The Ukhrul Divisional Unit of the Naga People’s Front (NPF) (in Manipur) submitted a memorandum on Tuesday to His Excellency Ambassador of France to India Alexander Ziegler seeking immediate French intervention in the Indo-Naga international armed conflict.

In the memorandum, the NPF has mentioned that the Nagas have a “historical reason” to expect due political intervention on the part of the French Government in resolving the prolonged historical problem of Indo-Naga international armed conflict.

To bring in the ‘French connect’, the NPF  wrote in the memorandum that about 100 years ago, in the spring of 1917, about 2,000 Naga Labour Corps were last deployed by the British to France mostly in Marseilles as labourers for maintaining the “lines of communication” in the middle of World War I.

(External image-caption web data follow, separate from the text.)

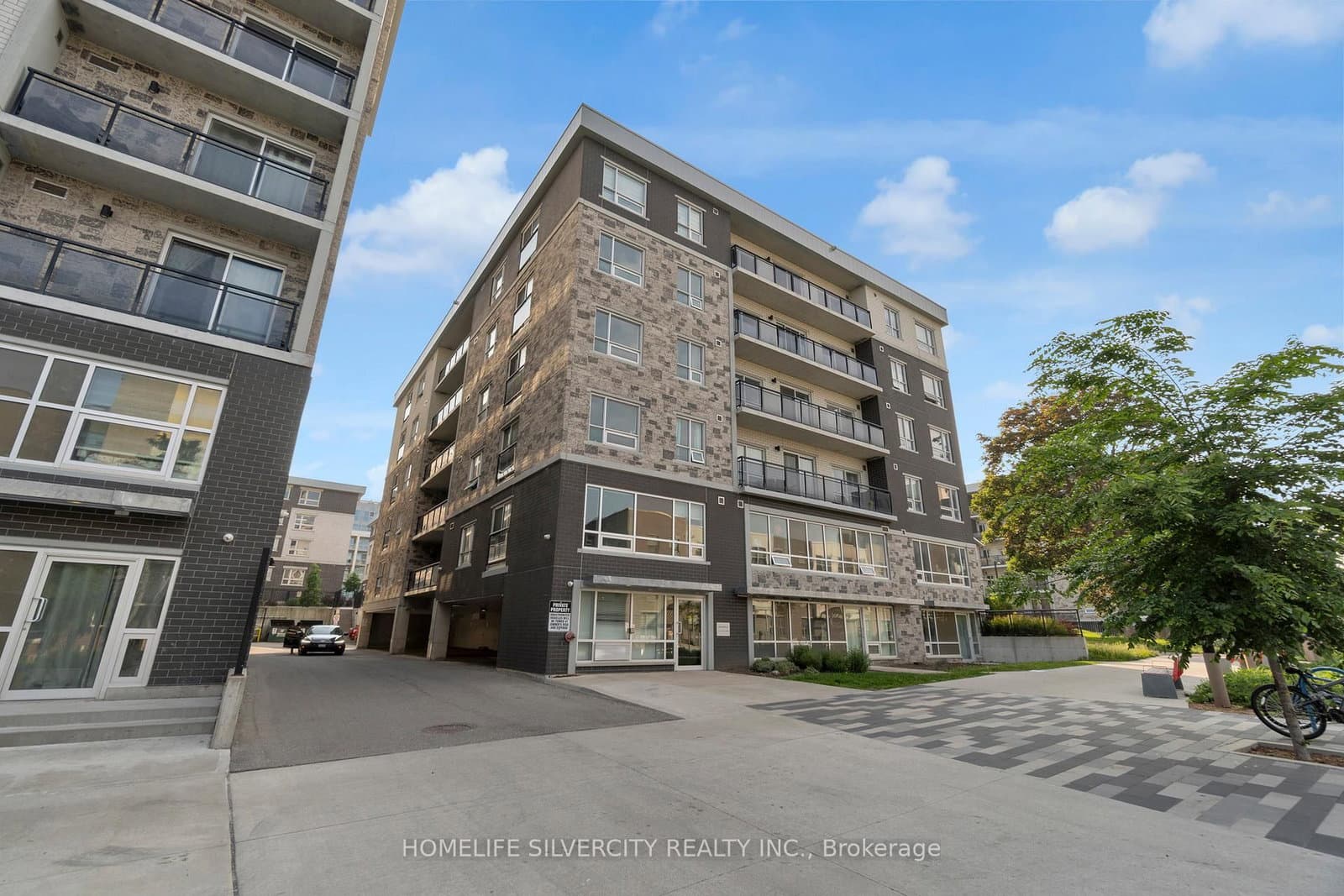 #A405 - 275 Larch Street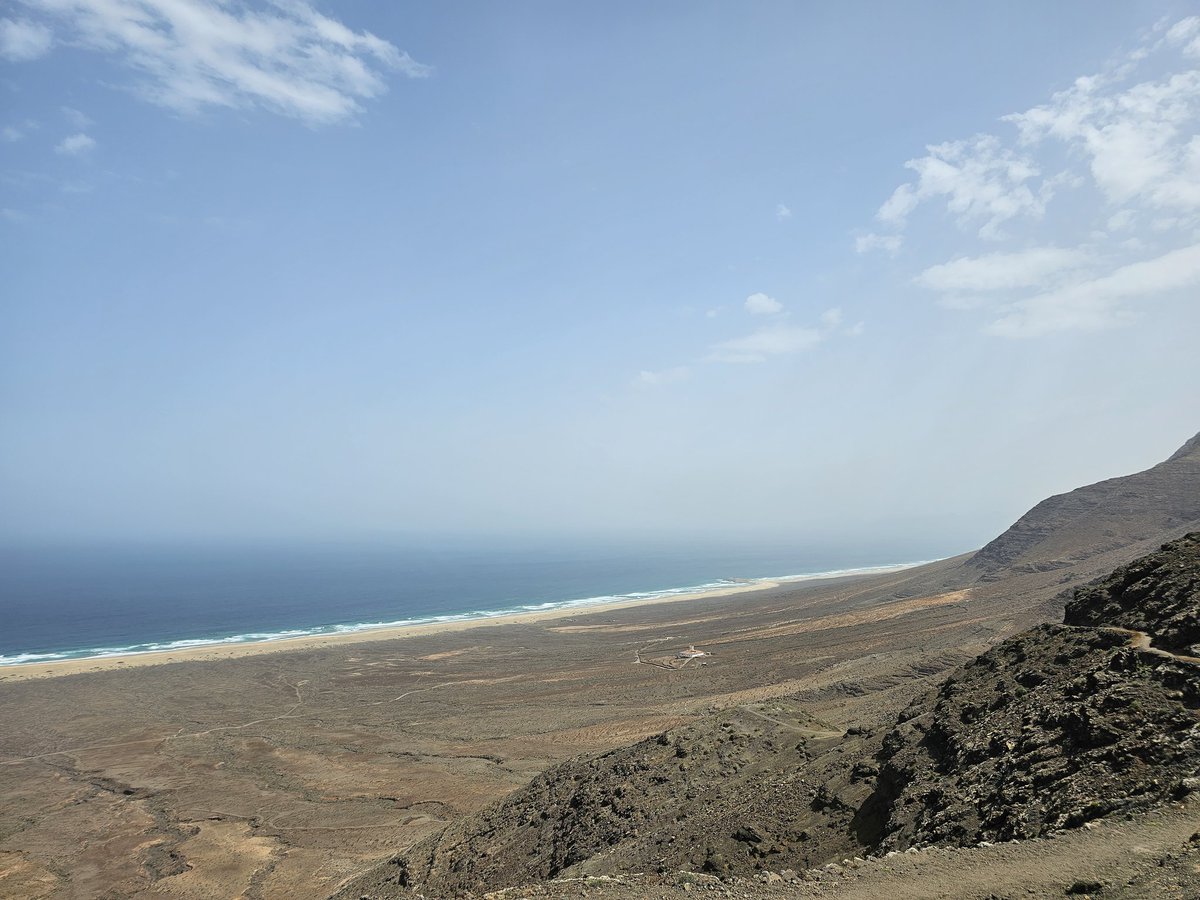 Muss <a href="/Kachelmannwettr/">Kachelmannwetter</a> <a href="/Kachelmann/">Jörg @kachelmann anderswo: @realkachelmann</a> + #TeamKachelmann immer wieder loben. Dank <a href="/pflotsh/">Pflotsh</a> #ECMWF Wind + Sicht + Wolken  im  Blick und auf Wanderung gen #Cofete getraut. Tolle Arbeit! Danke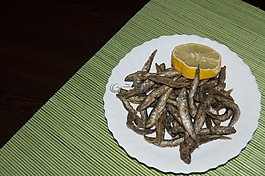 油炸鱼,菜,柠檬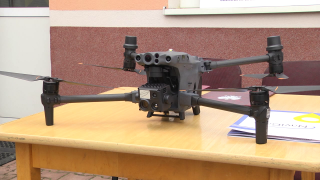 Starostwo Powiatowe w Radomiu przekazało strażakom nowego drona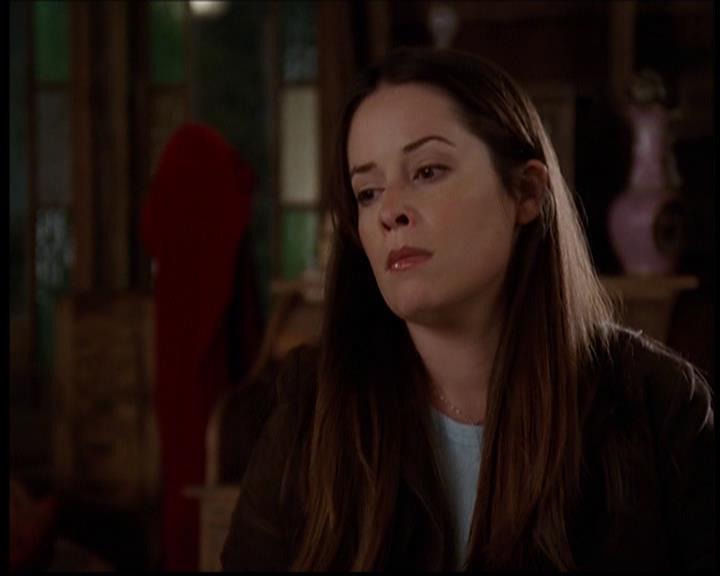 Charmed-Online-dot-709TheresSomethingAboutLeo0043.jpg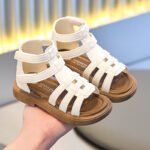 Children's sandals - Image 2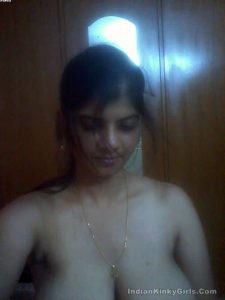 indian wife nude big tits photos leaked 012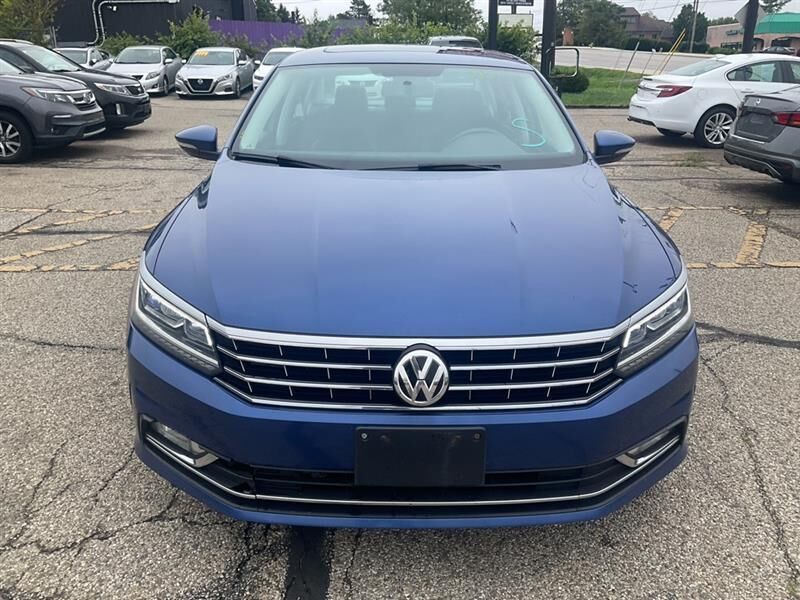 2016 VOLKSWAGEN Passat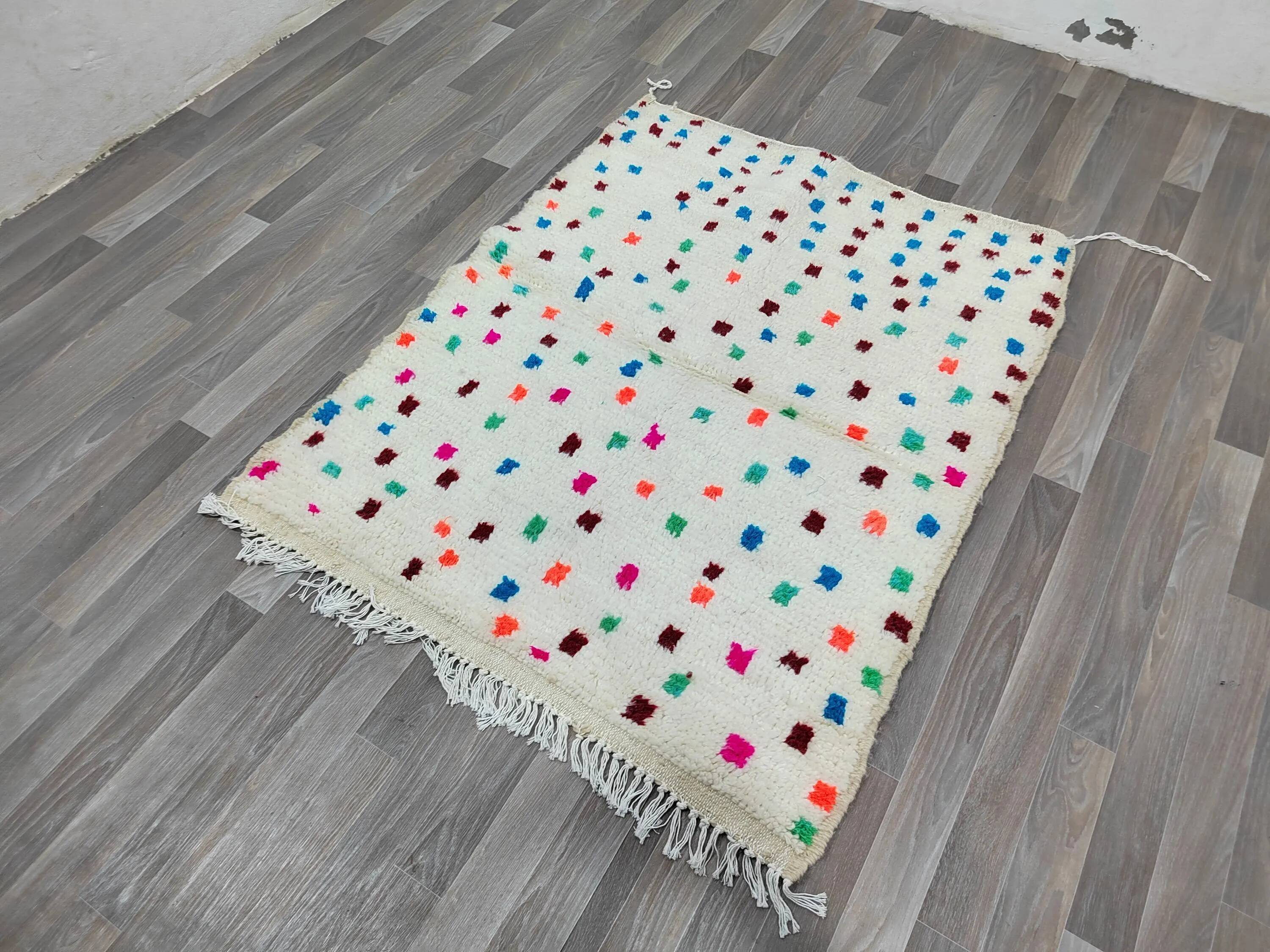 Traditional wool rug Morocco 2.5 x 1.5 m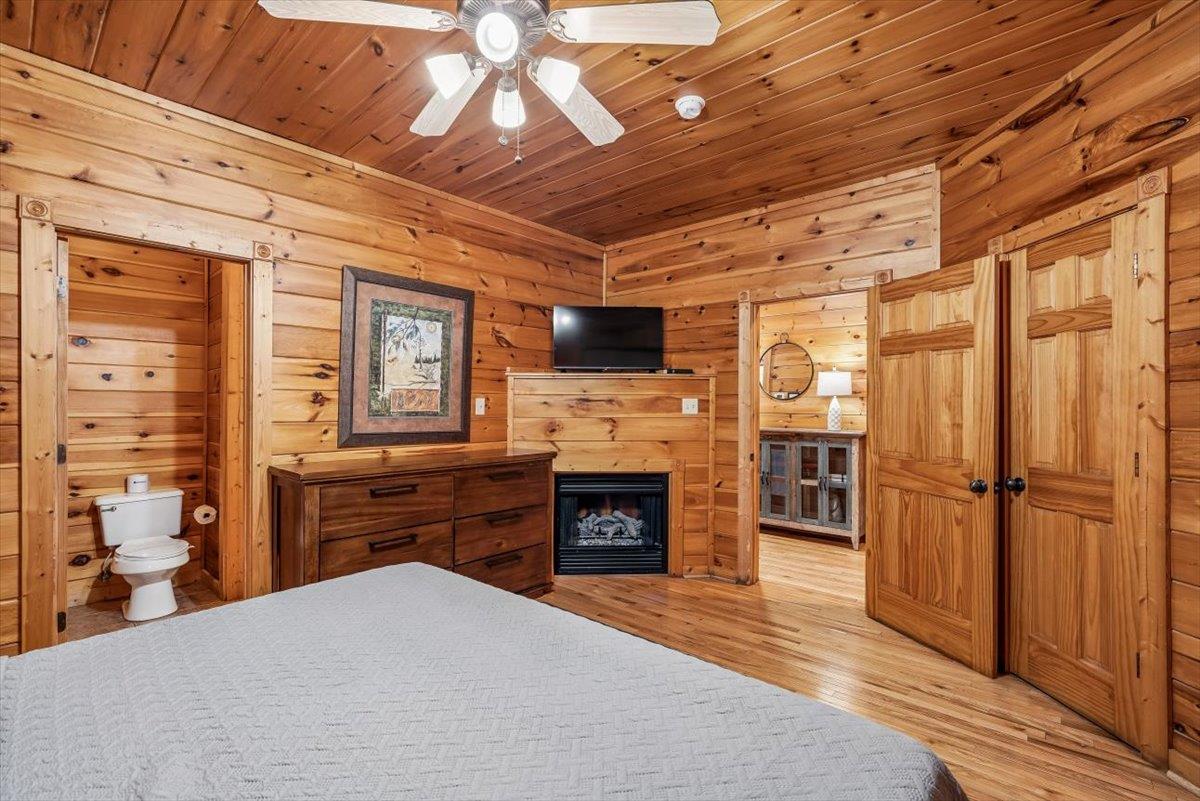 34Primary Bedroom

The memorandum further mentioned that the Naga labourers were engaged in works like digging trenches, construction, unloading military supplies, handling cargos at the ports, maintaining roads, filling up of shell-holes and rolling up of barbed wires, etc. Most of these Naga labourers died an “unceremonious death” never to return back home.

Drawing the French Ambassador’s attention to the historical background of the Nagas, the memorandum further mentioned that prior to the advent of the British in India, Nagas politically remained an independent nation without any history of prior foreign subjugation with each village existing as a democratic republic on its own in the line of the early Greek City States as distinct from the British Indian Empire.

The memorandum concluded by stating that in due recognition of this separate political and historical entity, the British consistently dealt with the Nagas through treaties and it was only during the period of 1832-1880 that the British came to occupy a portion of the south-eastern part of the Naga territory which was termed as the ‘British District’ and the larger part of the Naga territory which was left unoccupied was termed as the ‘Free Naga Territory’.